(15)
1977年の死に至るまで、レイ・パーマーは出版人として、編集者として活動的だった。彼はまた量産型の作家でもあった。彼のタイプライターからは生き生きとした編集記が流れるように生まれた。投書に対する返答も(ときにはかなりの長文になった)彼は出版した。記事を書き直すこともあった。彼の家族にとってタイプライターのカチャカチャという音がやむことはなかった。(小説を23時間で書き上げたと主張した) パーマーは人生の間に3万語を生み出したと自慢した。

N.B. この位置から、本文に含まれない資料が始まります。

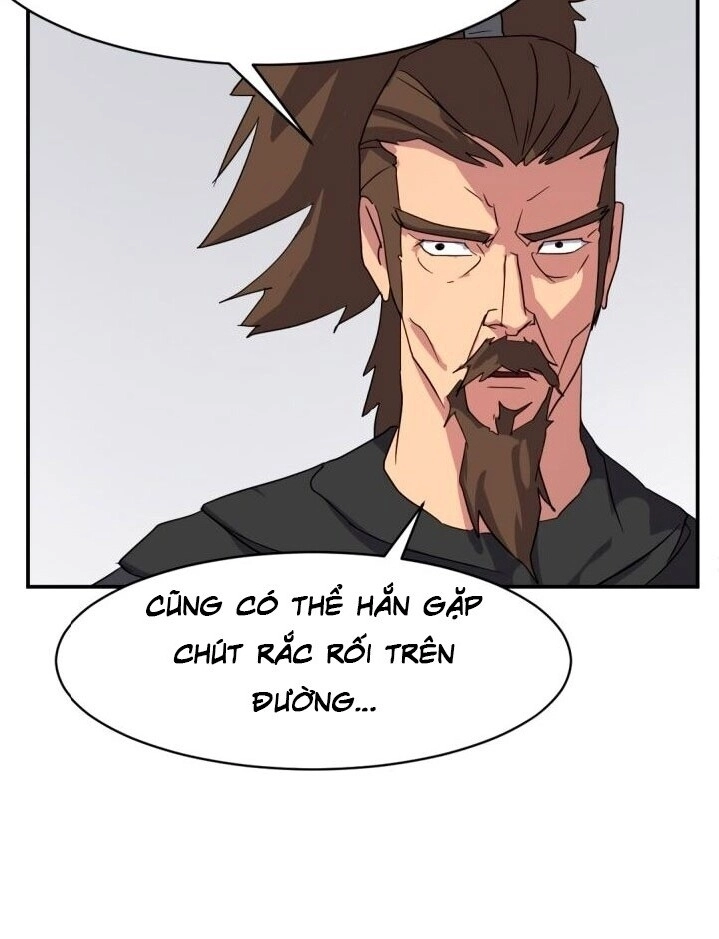 Trọng Sinh, Bất Khả Chiến Bại Chapter 41 - 19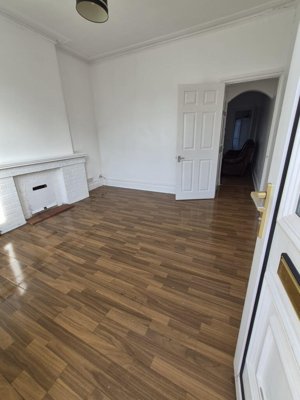 Terraced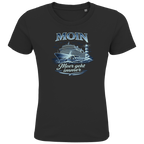 T-Shirt Kinder  Kreuzfahrt / Cruise #704  beidseitiger Druck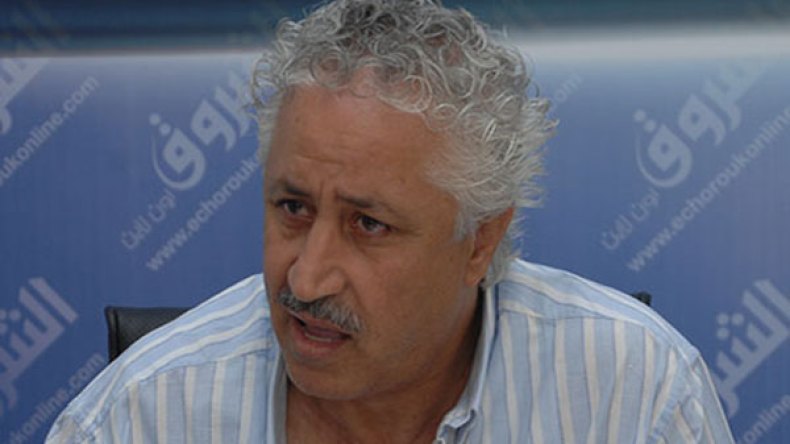 “بحاري” يحذّر من سياسة المتاجرة بمكاسب فئة الأسلاك المشتركة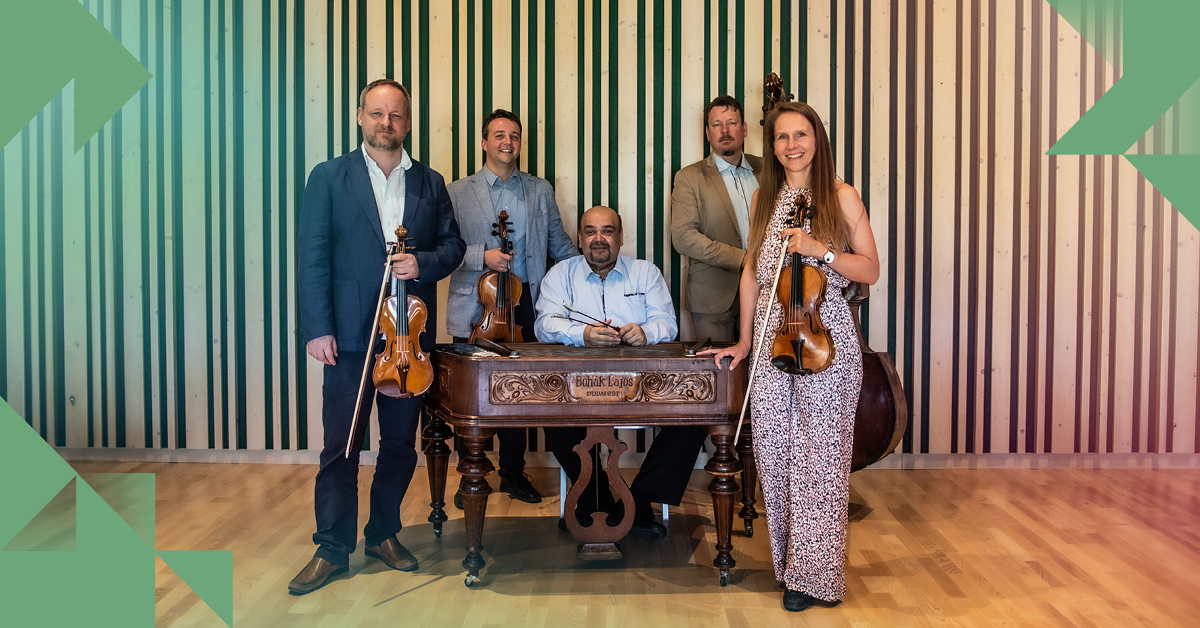 Open Air Dance House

彼の文体は元気いっぱいで、気取ったところがなかった。彼の雑誌は臆面もなくセンセーショナルをうたった。かれらは神秘的な生き物をレポートし、パラノーマルを探索し、独特の理論――空飛ぶ円盤や地球空洞説、政府の陰謀について――を推進した。彼は熱狂するものに対しては誠実だった。同時に彼は文学におけるショーマンシップの持ち主だった。いわば出版界におけるP・T・バーナムだった。
パーマーは論争に火をつけるのが好きだった。「レイ・パーマーとは何者か」と題された記事でマーティン・ガードナーは彼を一種のトリックスターとみなしている。
パーマーは、地球の両極に穴があいているという彼の主張に対し、異議を唱える読者からの膨大な数の投書を掲載した。その一部はパーマー自身が書いたものであったが。あなたは彼の賢明な回答を読みさえすればよろしい。雑誌の写真は彼が風変わりな小男であることを示している。まるで彼より大きなプロレスラーたちから蹴りをいれられているかのように、彼は自嘲している。
ガードナーはパーマーが誠実な人間であるかどうか、疑っている。
40年代、シカゴに住んでいた頃、私は何度かレイと会ったことがある。また彼をよく知っているたくさんの人とも会った。彼はシャイで、親切で、性格がよく、おとなしく、エネルギッシュな小男という印象をわれわれは持った。ただしプロフェッショナルな詐欺師的アーティストという一面を持ち合わせていたが。彼は尽きないペテンを楽しんでいるようだった。しかし私が考えるに、騒ぎをつくり出す彼の目的は、シンプルに、雑誌を売ることだった。
彼をよく知っている人間のひとりは編集アシスタントだった。インタビューのなかでハワード・ブラウンは彼のボスの激しい気性について語っている。
彼は肉体的に奇形であることを補うために、自分が一人前の人間であることを見せようとしました。もし彼をさげすもうとするなら、彼は不愉快に思い、あなたは彼のまわりからある一定期間、一か月か、永久か、排除されるでしょう。でも彼には思いやりがありました。もしあなたがお金を必要としているなら、彼は面倒を見てくれるでしょう。そんな場合彼はジフ・デーヴィス社の金庫からお金を持ってきました。それは彼が稼いだお金だったのです。
そしてブラウンは彼を指導者として称賛した。
どう書くかについて彼はよく指導してくれました。パルプマガジンにどういうものを書くか彼は知っていたし、新しくやってきた人々に教えるにあたって彼は驚くべき成果をあげていたのです。私はレイからたくさんのことを学びました。私が学んだもののなかでもっとも重要なことは、読者をあきさせるな、でした。
レイ・パーマーがモットーを持っているとしたら、このことだっただろう。アメイジング・ストーリーズ誌の編集者としての最初の日々から、出版人としての最後の数年まで、読者をあきさせるな、を念じてきたのだ。